What Is Proper Surprise Party Etiquette?
Granted the night ended up being great, and my mom had a blast, but still, the two late guests could have ruined EVERYTHING. So, to ensure you’re not that guest who is the party pooper extraordinaire, follow my top three tips.
Tip #1: Follow the Vince Lombardi Rule
The great football coach Vince Lombardi once said, “If you’re early, you’re on time. If you’re on time, you’re late… if you’re late, don’t bother showing up.” That saying sums up the number one rule for surprise party etiquette. Rule #1 is just don’t be late! Be early. Be extra early, even. Have a drink, come and eat, and just make sure you are there--bottom line.
The worst thing you can do is try to beat the clock. If you are supposed to be there at 8:00, and you pull up at 7:59, don’t try to enter the party. The proper thing to do in that situation is to text or call someone you know is at the party (and on time), to see if you can still come in. If so, you book it to the front door like Indiana Jones running from the rolling boulder.
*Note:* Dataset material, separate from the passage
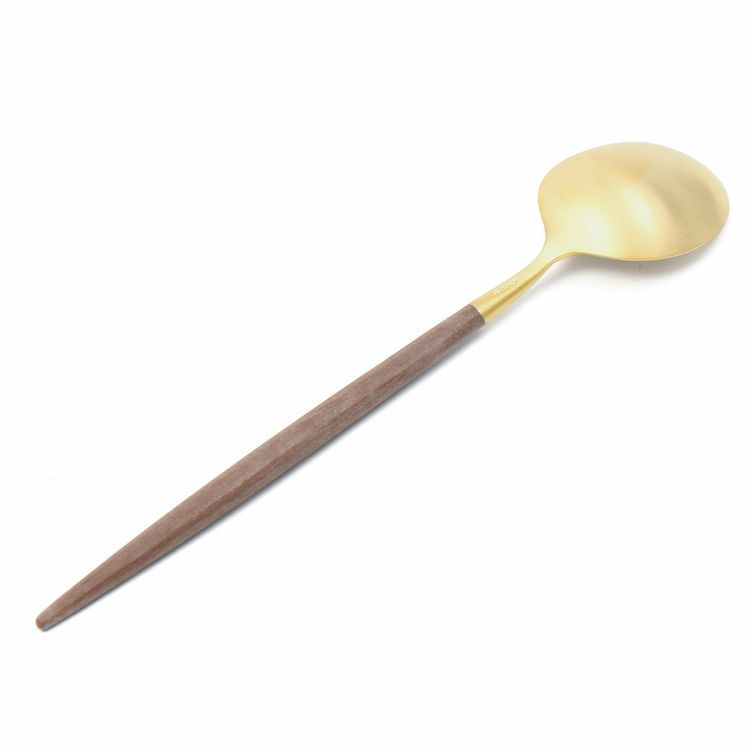 クチポール（Cutipol） ゴア/GOA ブラウンマットゴールド デザートスプーン [ネコポス対応可(18点まで)]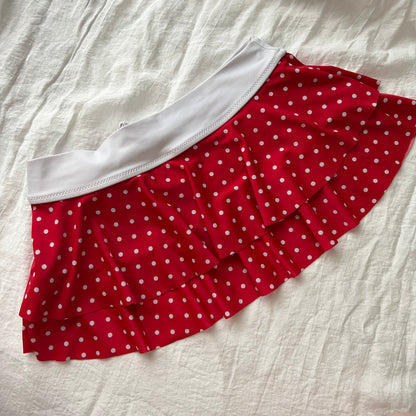 Layered red bikini set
If they say you can’t come in because it’s too risky, then get comfortable because you deserve to wait. Don’t be rude and ruin the surprise by trying to rush in at the last minute just so you can yell, “surprise!” with everyone else. If you’re late, you lose that privilege.
Tip #2: Keep It a Secret
I will admit that I am guilty of forgetting when someone’s party is a surprise or not. Sometimes when you talk to people so frequently, like in an office, you forget that their party is a surprise. After all, you and the rest of your coworkers have spent weeks discussing it so it’s easy to forget the guest of honor doesn’t know about it. That said, you must, must, must be careful. The definition of poor etiquette is ruining something someone has worked hard on completing. And there’s no excuse for it.